Desde que John Snow descubrió, en una bomba de agua, el origen de un importante brote de cólera, se intensificó sobremanera una inclinación al distanciamiento que realimentaría un proceso anterior de segregación social. La epidemia tenía origen en el Soho londinense, y corría 1854. Siete años después Louis Pasteur constataría experimentalmente las hipótesis de Snow. La entonces llamada “teoría microbiana” habría de tener enormes consecuencias positivas sobre la forma de vida de los ciudadanos modernos. Entre las menos amables se encuentra, sin embargo, su indirecta promoción de un importante incremento de la “distancia social”.

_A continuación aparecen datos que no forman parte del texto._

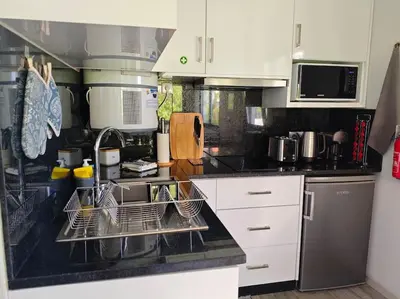 a kitchen with dish drying racks and a sink at Vаrаndаs dо Sоl-Vista relaxante entre mar e montanha in Ponta do Sol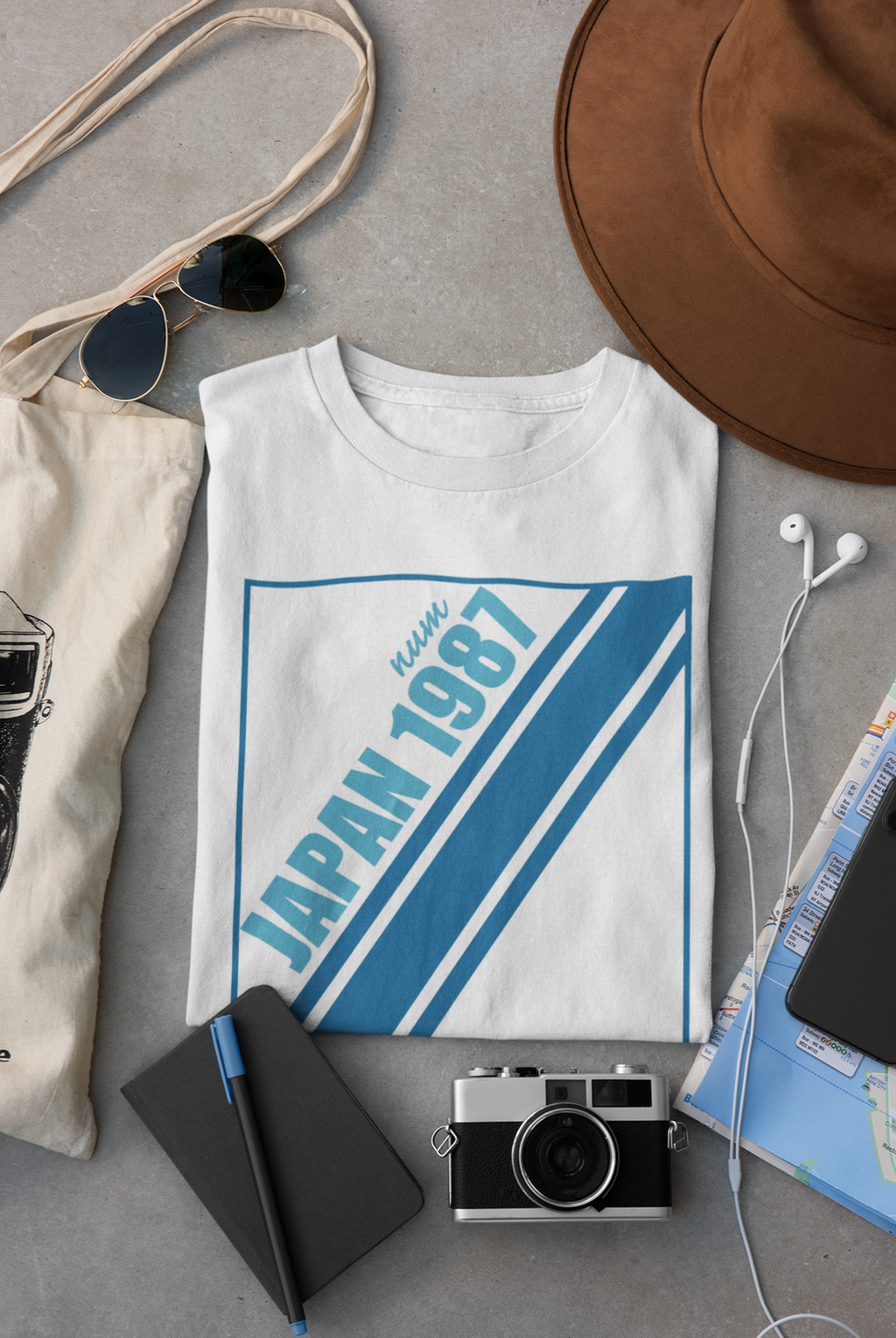 mockup-of-a-folded-t-shirt-placed-between-some-accessories-33794 (6).png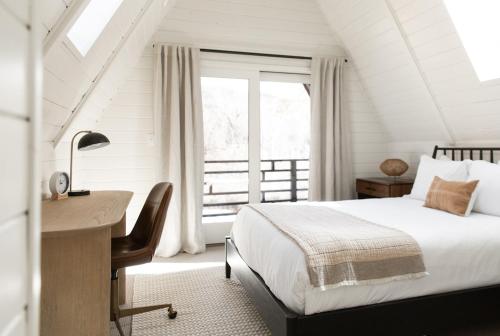 Un dormitorio con una cama y un escritorio y una ventana. en A-Frame Haus Heber views romantic firepit cute, en Timber Lakes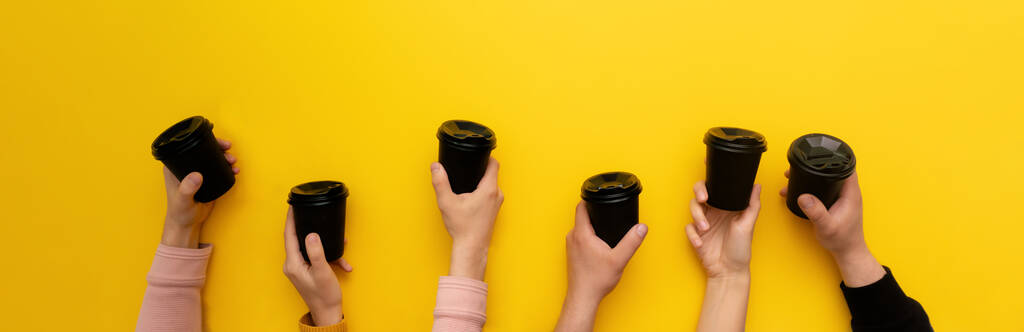 Ποτήρια καφέ Takeaway σε πολλές Καυκάσιες γυναίκα και ο άνθρωπος χέρια σε κίτρινο φόντο - Φωτογραφία, εικόνα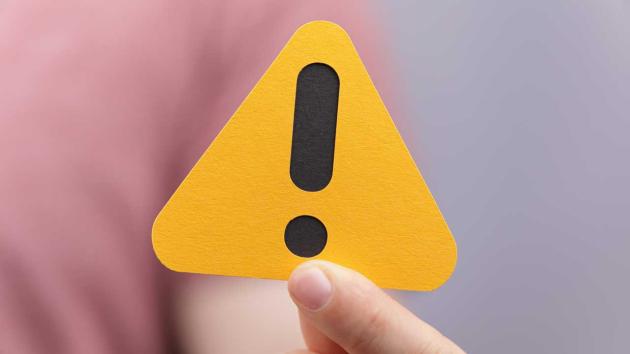 A yellow warning sign with an exclamation poin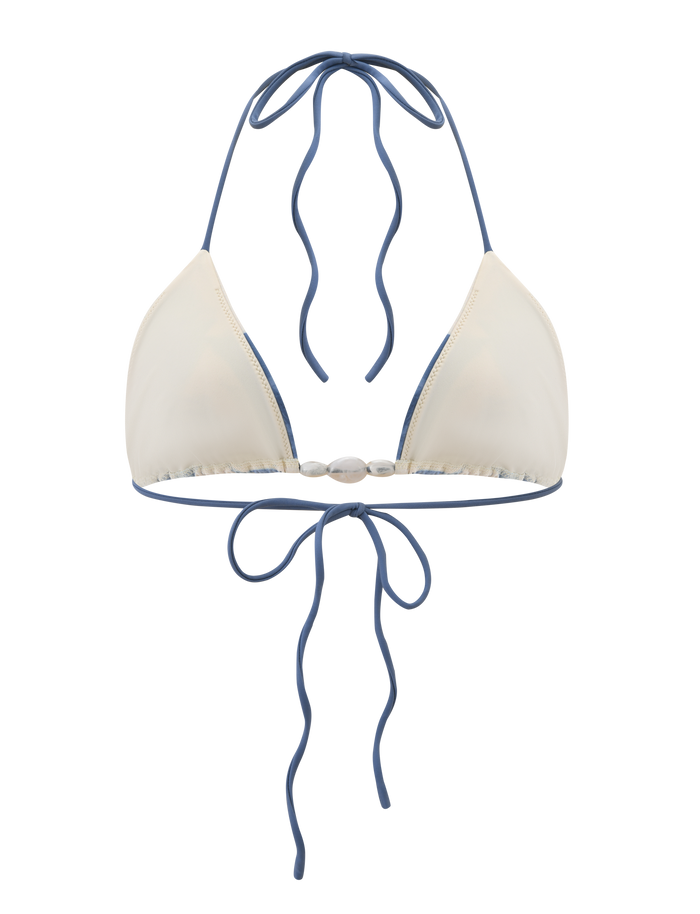 The CYLAS BIKINI TOP - INDIGO FLORAL by TIGERMIST is a cream floral bikini top with blue trim, halter neck ties, and a bow-tie back closure.
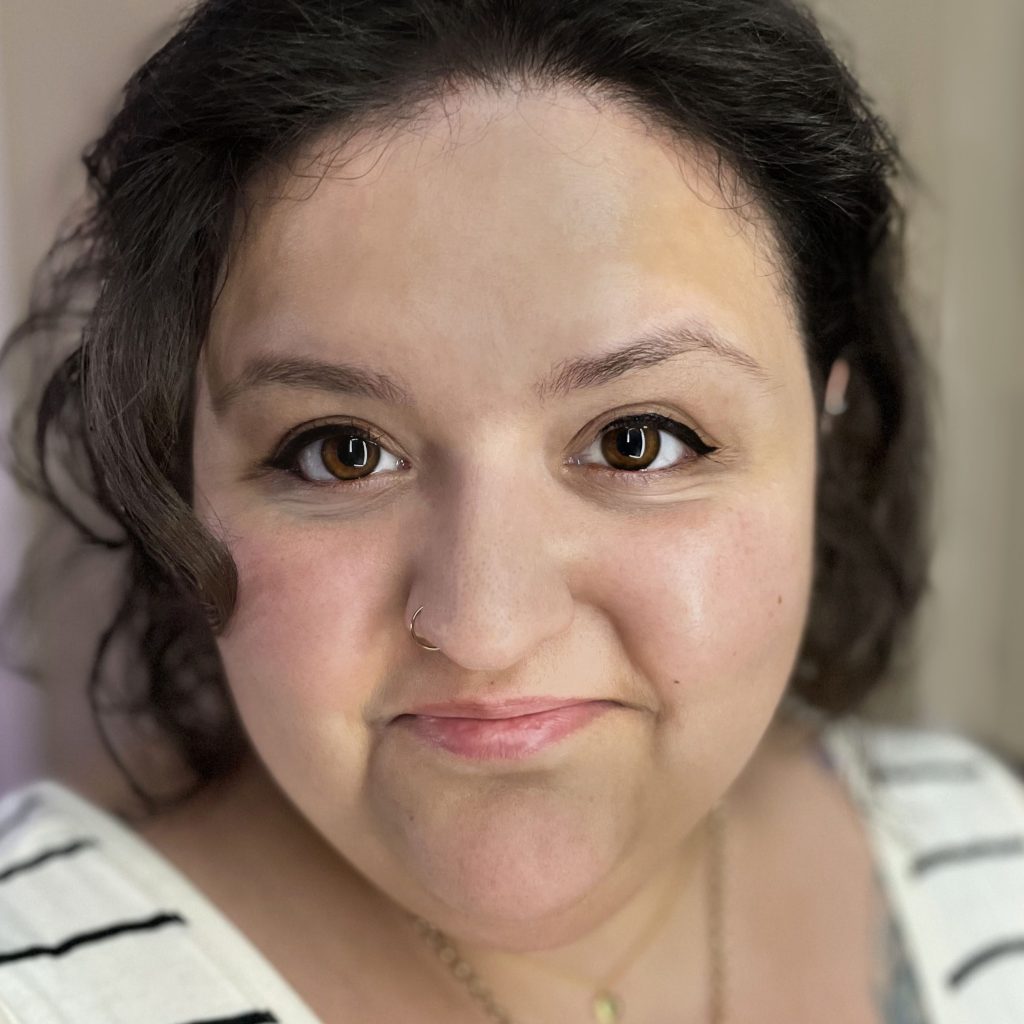 Cropped portrait of an Indian/white British woman with a closed-mouth smile, with short, curly, dark brown hair, brown eyes, and winged black eyeliner. Wearing a pale cream with thin horizontal black striped vest top, two gold necklaces of different lengths, and a tattoo of a bee on the left side of her chest peeking out from the top.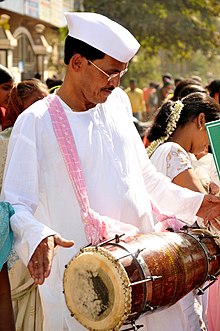 A man playing dholki in a procession.jpg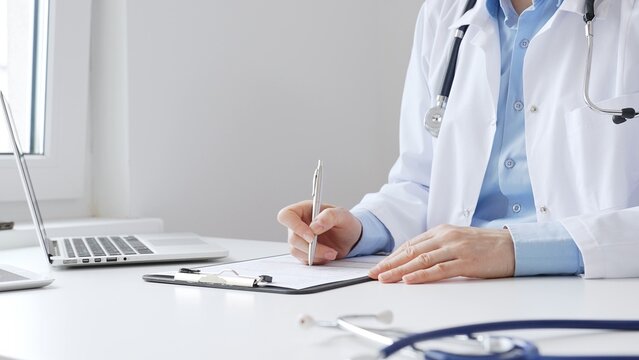 Female doctor completing healthcare paperwork, clipboard positioned near laptop and stethoscope in well lit clinical workspace by window. Medicine and health care concept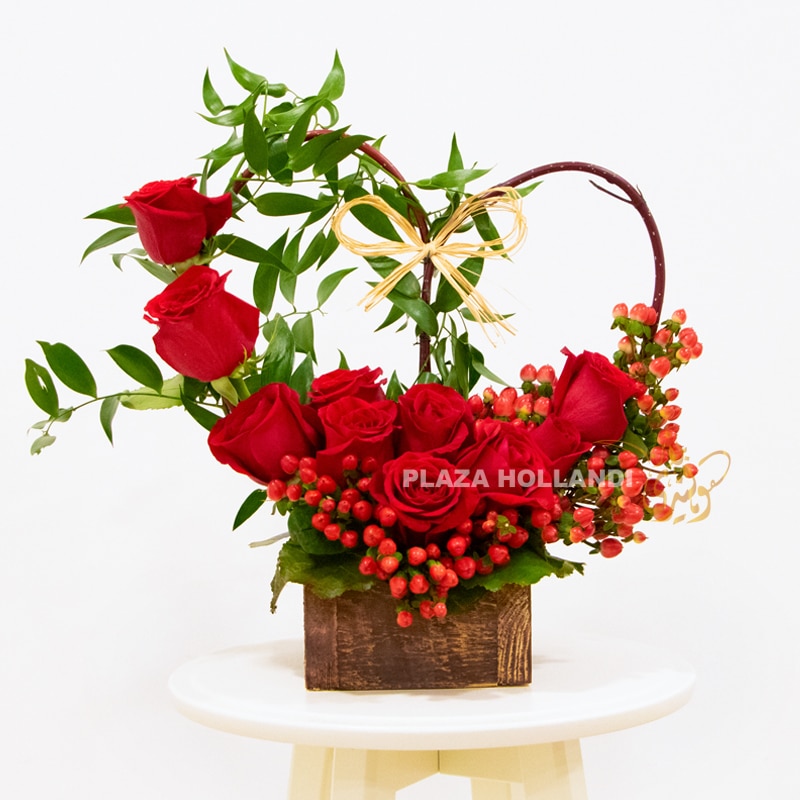 valentine red roses in a brown box hypericum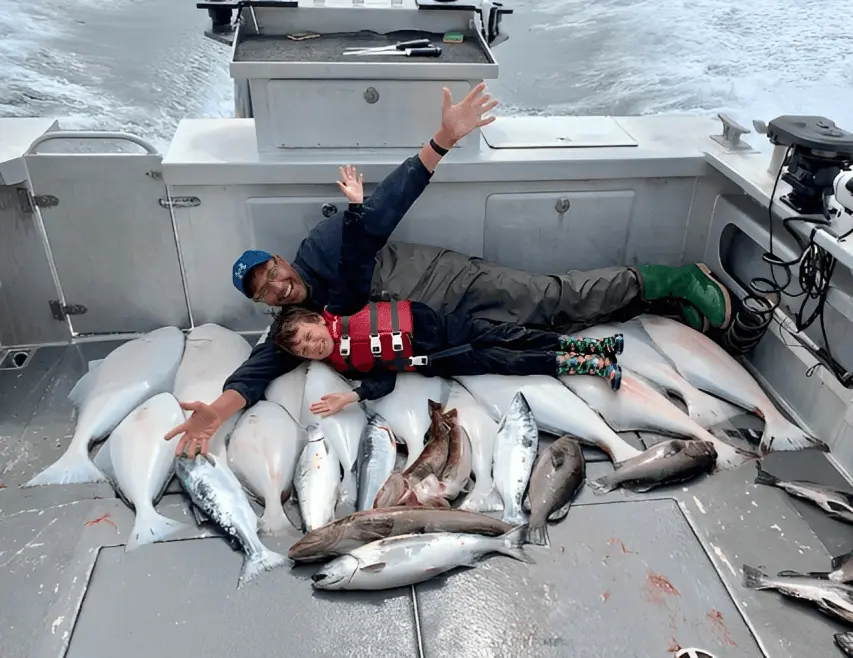 A man and child on the deck of a boat with fish.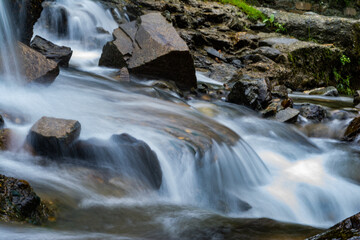 Fototapeta premium small waterfall with a small lake near Bhimtal. Landscape view of a small waterfall in the mountains. crystalline waterfall.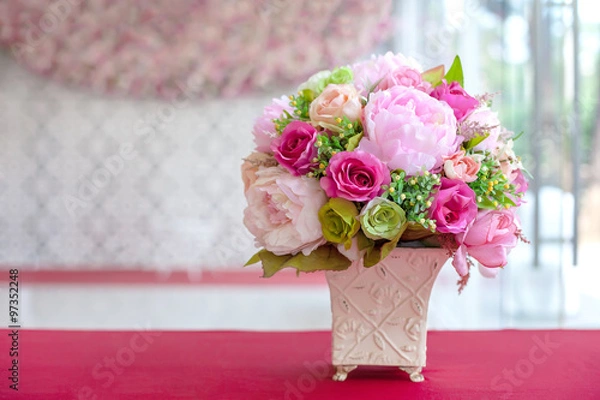Fototapeta colorful artificial flowers made from cloth in a rectangular ceramic vase on a table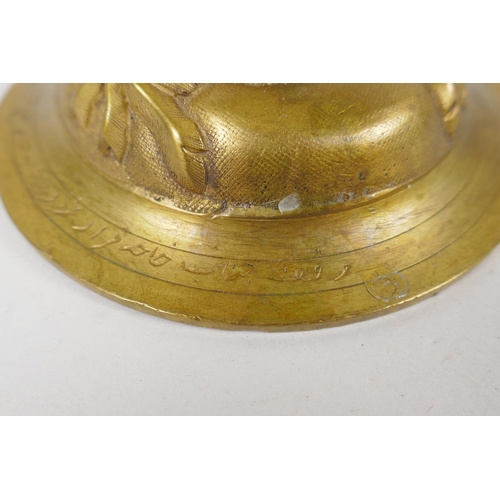 154 - An unusual brass candlestick with Arabic inscription to the base and raised insect decoration, 16cm ... 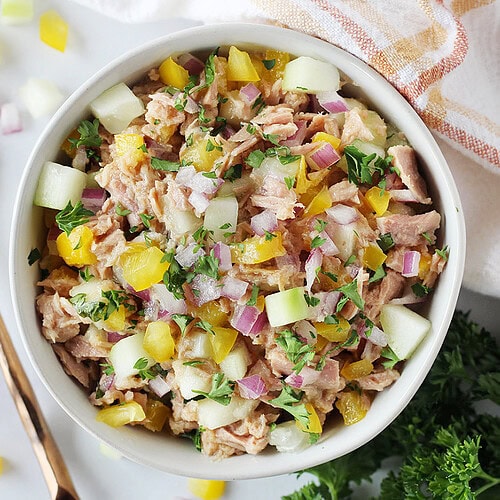 Fresh veggies and herbs in tuna salad in a white bowl.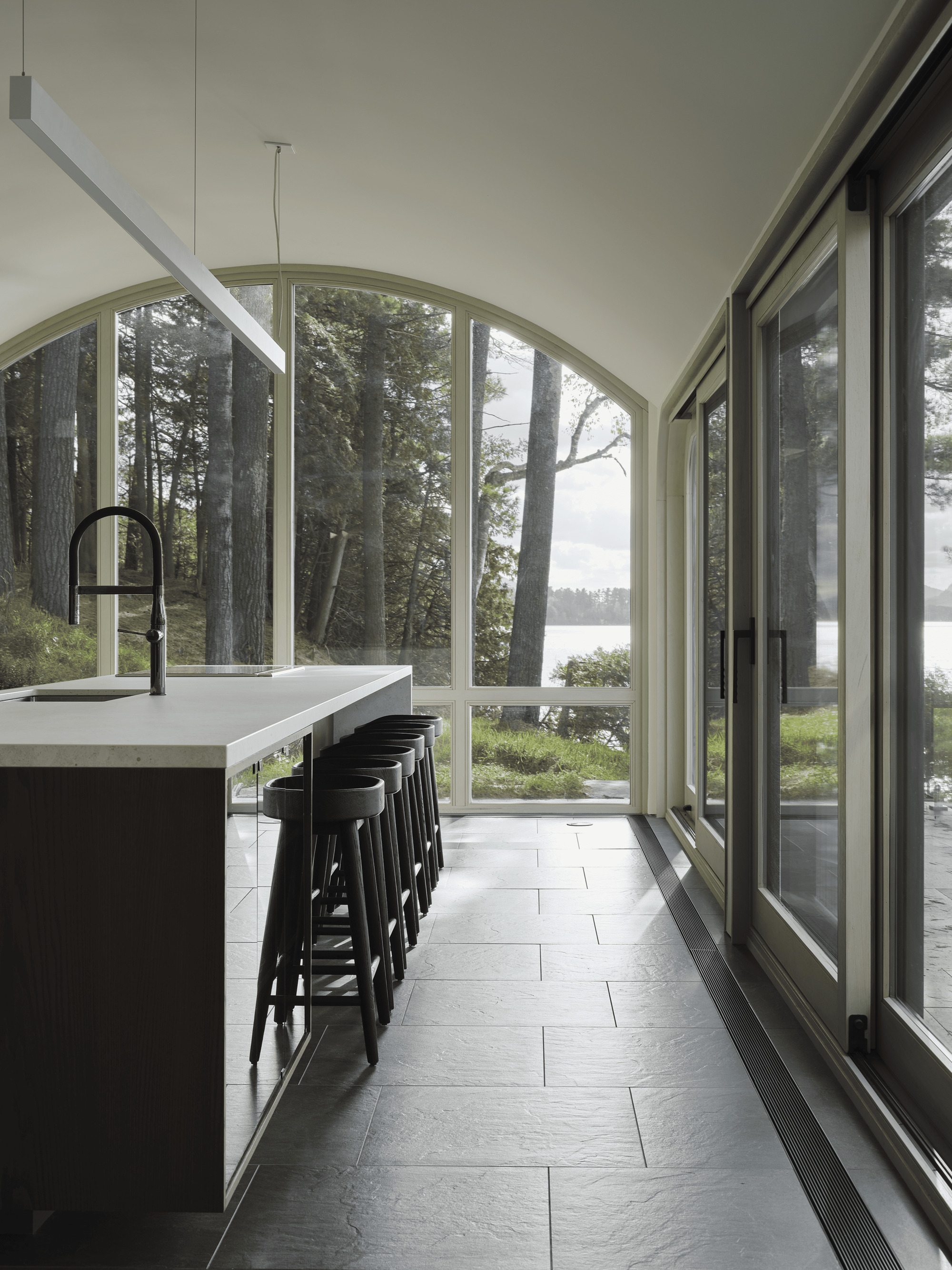 Kitchen island with black stools beneath arched windows framing pine trees and water beyond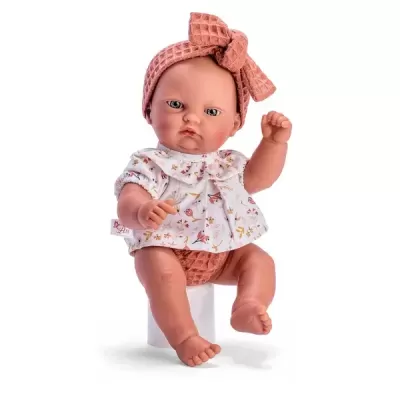 Boneca bebé com blusa branca estampada e faixa de cabeça cobre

Todavía a comienzos del XIX – pese al despliegue del capitalismo – las diferencias de clase no implicaban la distancia absolutamente insalvable que hoy es evidente. Ricos y pobres convivían en una proximidad relativamente mayor que la actual: en la misma calle o barrio, desde luego en la misma área urbana. Hoy se mantiene un democrático, pero enorme, distanciamiento entre personas de distinto nivel de renta.
La exigencia de distanciamiento se vería asistida de manera fundamental por el ferrocarril – que permitía aproximar lo lejano, moviendo al centro urbano mercancías producidas en lugares distantes y, especialmente, los alimentos – y pudo también alejar lo próximo, poniendo a los más afortunados a salvo en nuevas zonas residenciales, convenientemente alejadas de los focos de infección que eran los núcleos urbanos. Zonas residenciales, dotadas de importantes condiciones de higiene, en las que era de rigor un trato formal y distante: siempre ha sido índice de clase y correcta educación saber “mantener las distancias”. El ferrocarril, que ya en la década de 1850 había revolucionado radicalmente el comercio y la industria de los Estados Unidos, vendría a facilitar así el alejamiento del centro de las ciudades a importantes contingentes de población. El ferrocarril inaugura un fenómeno al que se sumarían los automóviles, dando lugar a esa forma oscura de sístole y diástole cotidiana que supone el tráfico de cercanías en las megalópolis. El pulso de un corazón enfermo, cuyo crecimiento constante nos enfrenta a problemas acuciantes.
Pero la distancia no creció sólo entre grupos de población y clases sociales, sino que abriría un abismo en cada uno de nosotros, llevando al extremo una concepción escindida del ser humano, difundida por la metafísica de la modernidad. La escisión entre uno mismo y el propio cuerpo, según una comprensión quebrada que afirmaba la distinción entre un interior intangible, habitado por el yo, y un cuerpo exterior presuntamente puesto a su servicio. La distancia social entre el rico y el pobre se prolongaría en un distanciamiento creciente entre el yo racional (interior) que debe enseñorearse idealmente del cuerpo pasional (exterior). El cuerpo, portador de miasmas y vulnerable a ellas, frente al higiénico yo depurado de todo contacto con el inframundo carnal de un cuerpo a su servicio.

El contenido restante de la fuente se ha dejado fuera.